[DATASET EXCERPTS Boundary: Start]

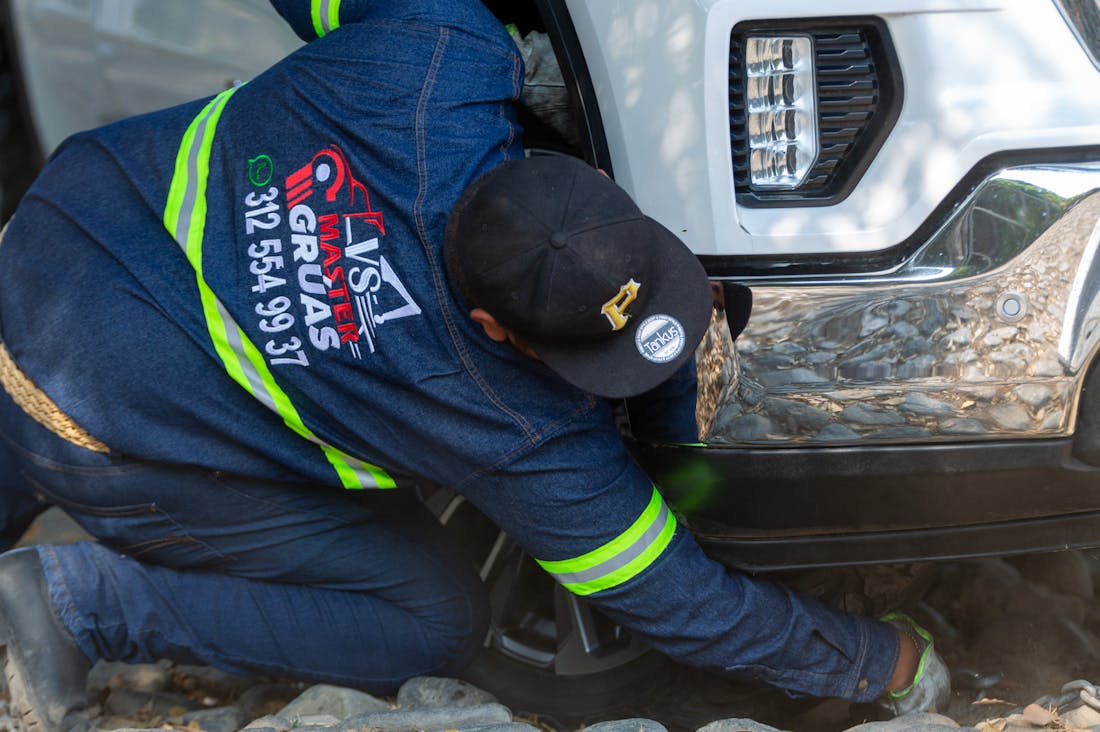 Essential Guide to Vehicle Maintenance for Longevity Image 3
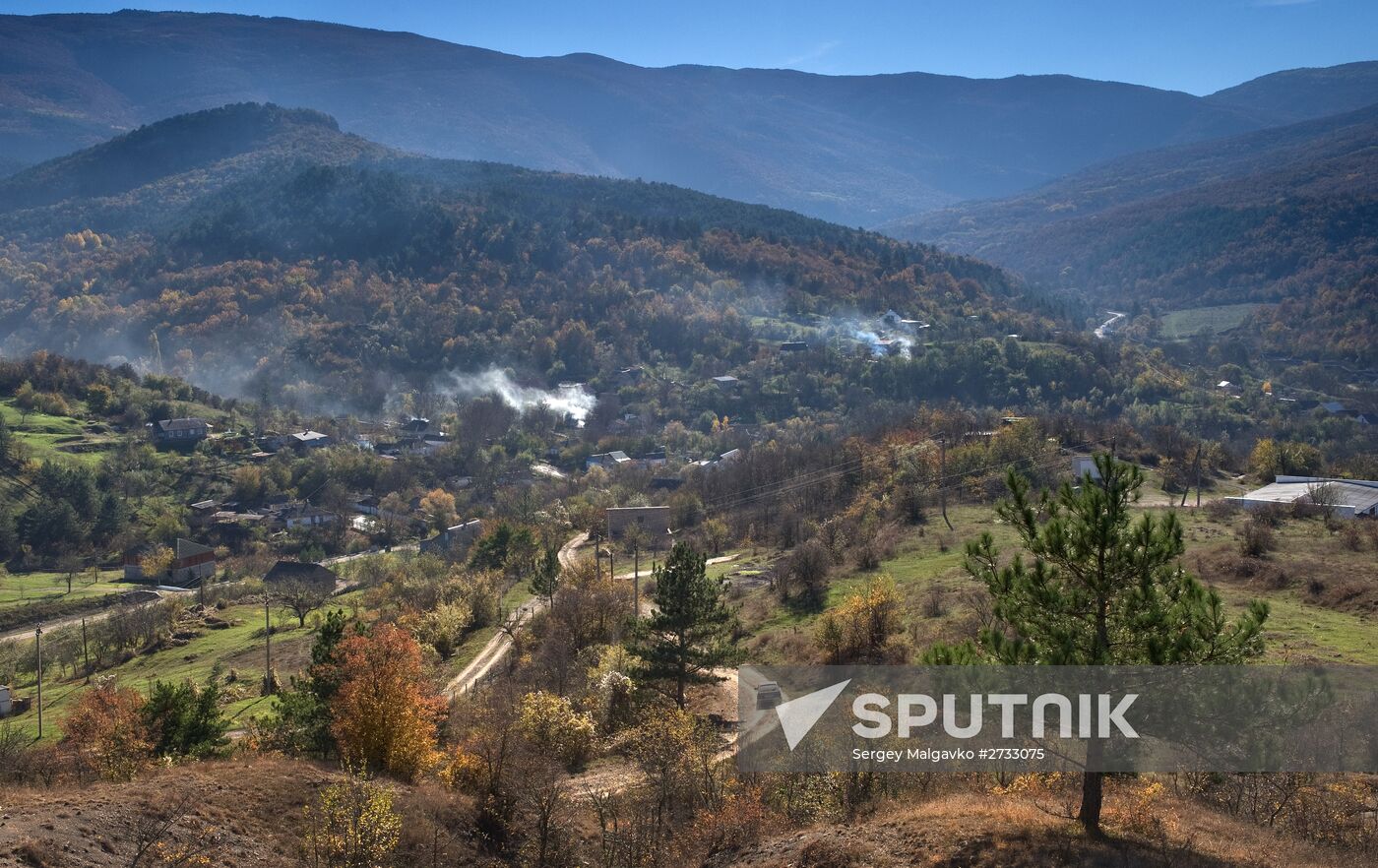 Village of Schastlivoye, Crimea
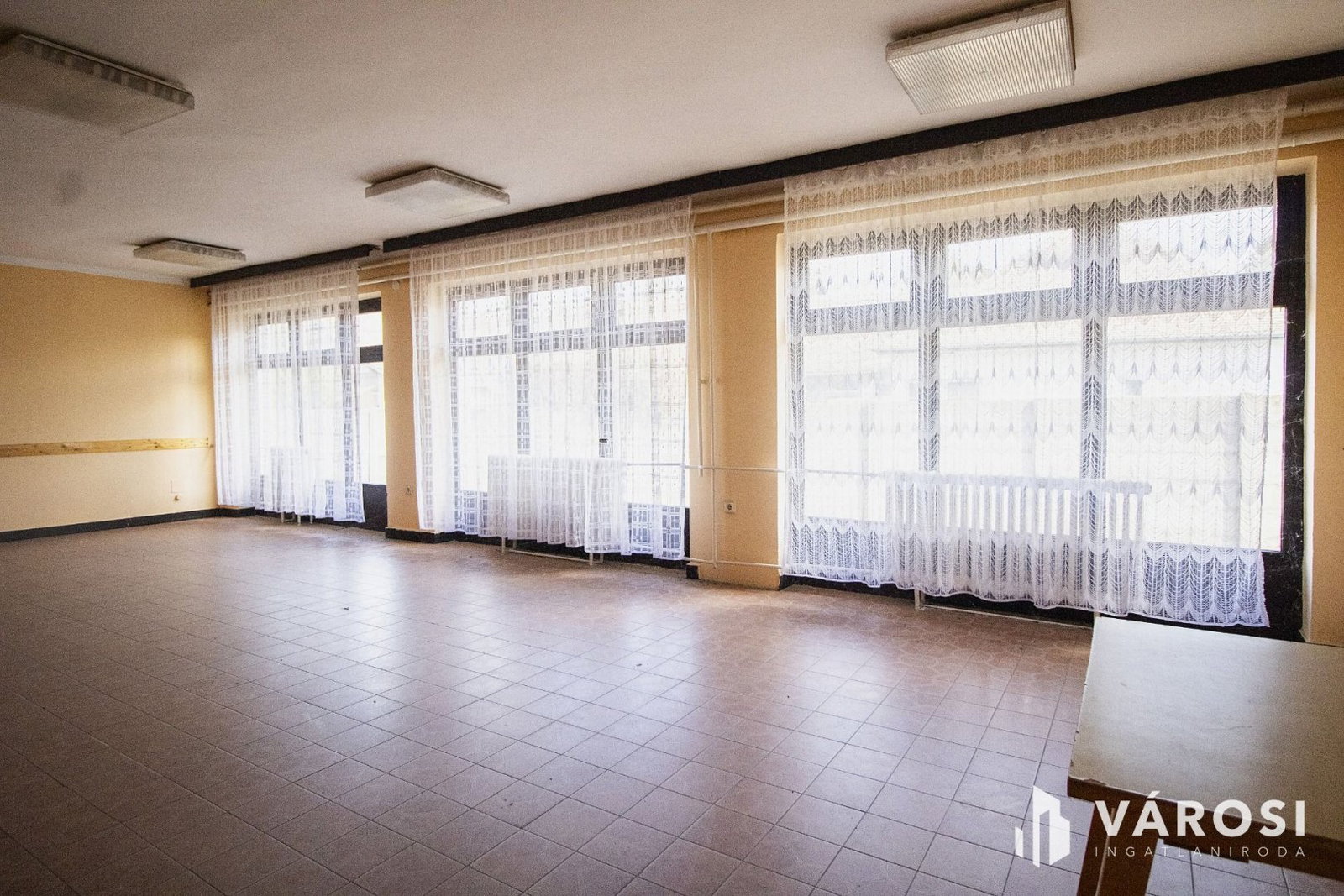 Üzlethelyiség · 22 hálószoba · 600 m² · 139.000.000 Ft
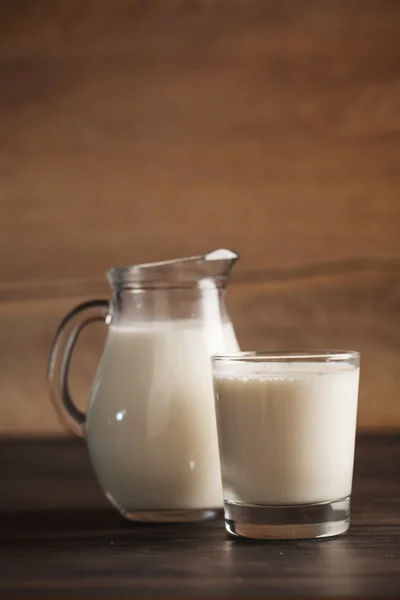 Latte fresco in brocca — Foto Stock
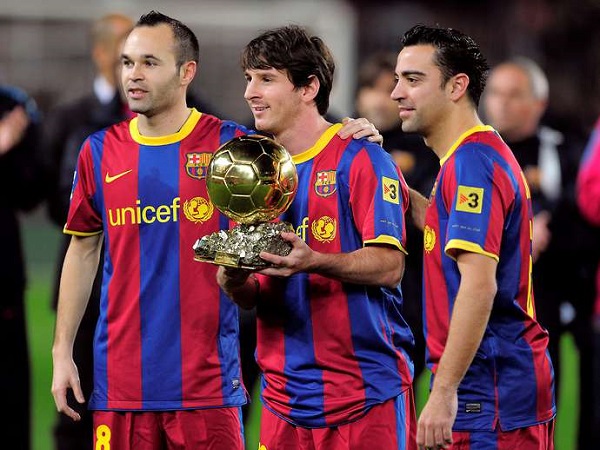 Chủ tịch Barca không loại trừ khả năng đón Messi và Iniesta trở lại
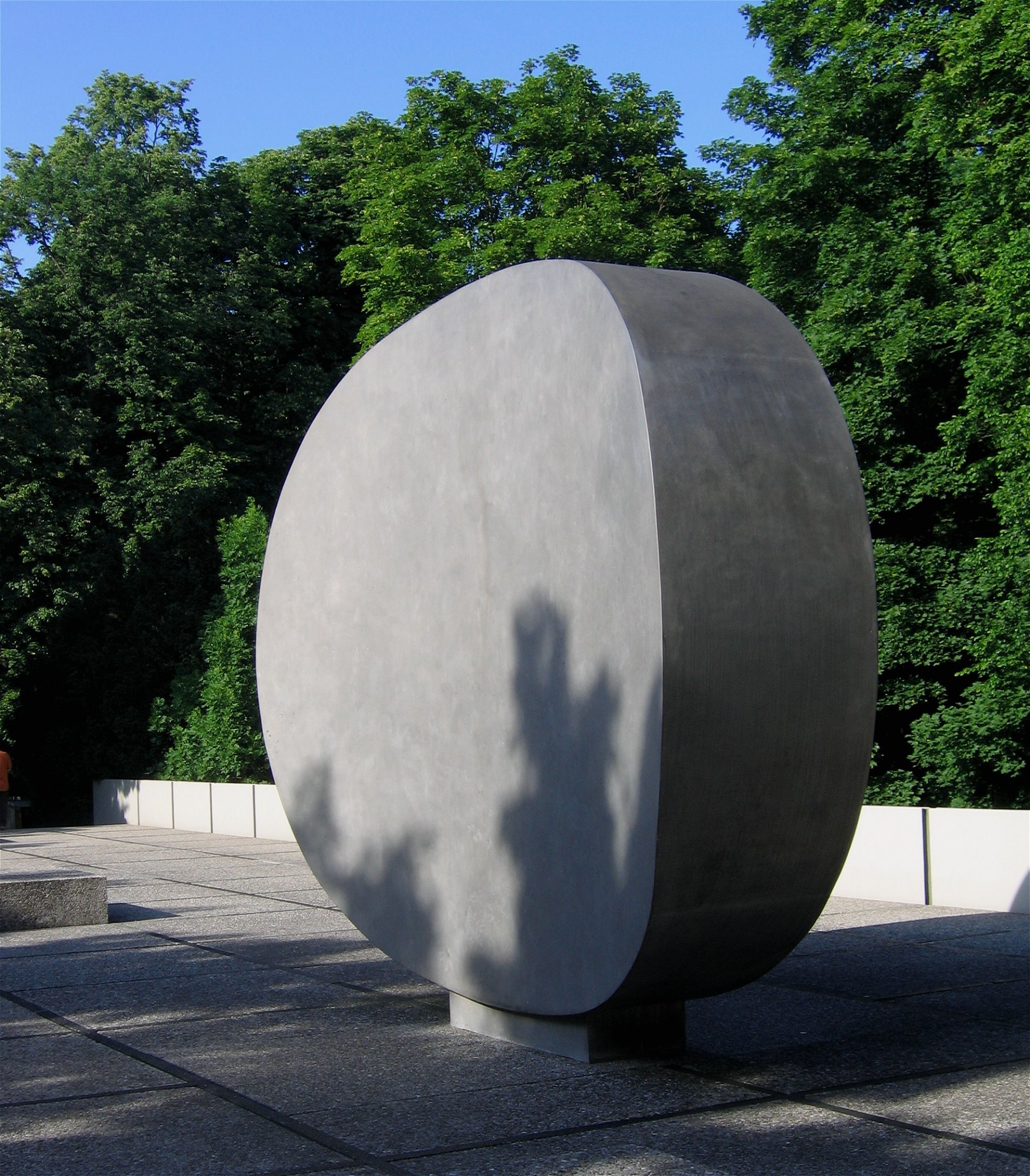 Rupprecht Geiger Konkav gerundet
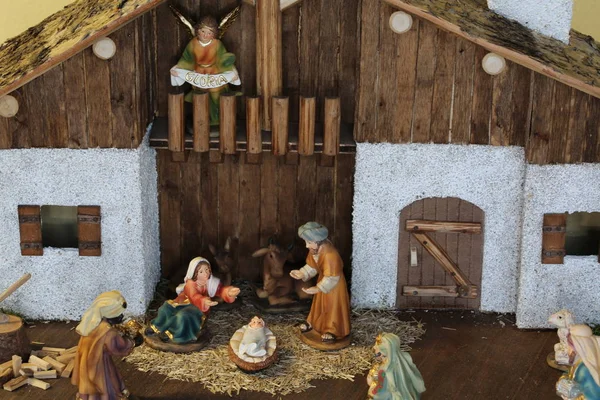 Presepe con la Sacra Famiglia e un angelo con la Gloria — Foto Stock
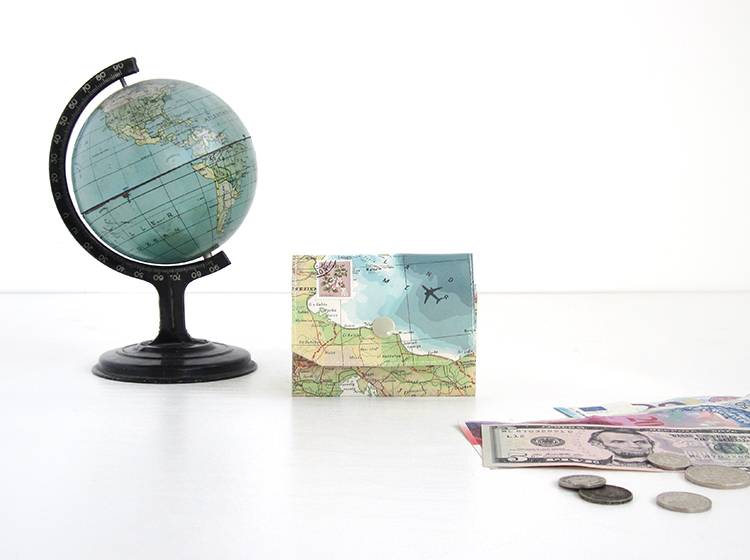 Renna Deluxe Atlas Portemonnaie aus Landkarten Großer Ausverkauf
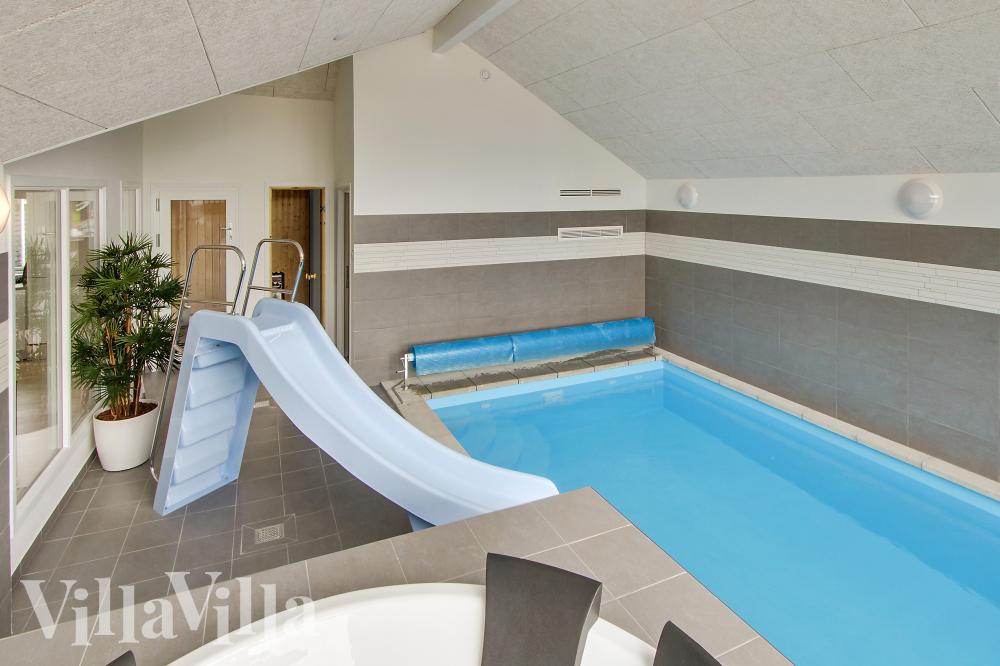 Sommerhus 355 er indrettet med en lækker poolafdeling med vandrutsjebane, dejlig stor indbygget spabad og sauna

[DATASET EXCERPTS Boundary: End]

EXERCISE: Keep the pictures out and transcribe the listing exactly.

COMPLETED TASK:
 Essential Guide to Vehicle Maintenance for Longevity Image 3
 Village of Schastlivoye, Crimea
 Üzlethelyiség · 22 hálószoba · 600 m² · 139.000.000 Ft
 Latte fresco in brocca — Foto Stock
 Chủ tịch Barca không loại trừ khả năng đón Messi và Iniesta trở lại
 Rupprecht Geiger Konkav gerundet
 Presepe con la Sacra Famiglia e un angelo con la Gloria — Foto Stock
 Renna Deluxe Atlas Portemonnaie aus Landkarten Großer Ausverkauf
 Sommerhus 355 er indrettet med en lækker poolafdeling med vandrutsjebane, dejlig stor indbygget spabad og sauna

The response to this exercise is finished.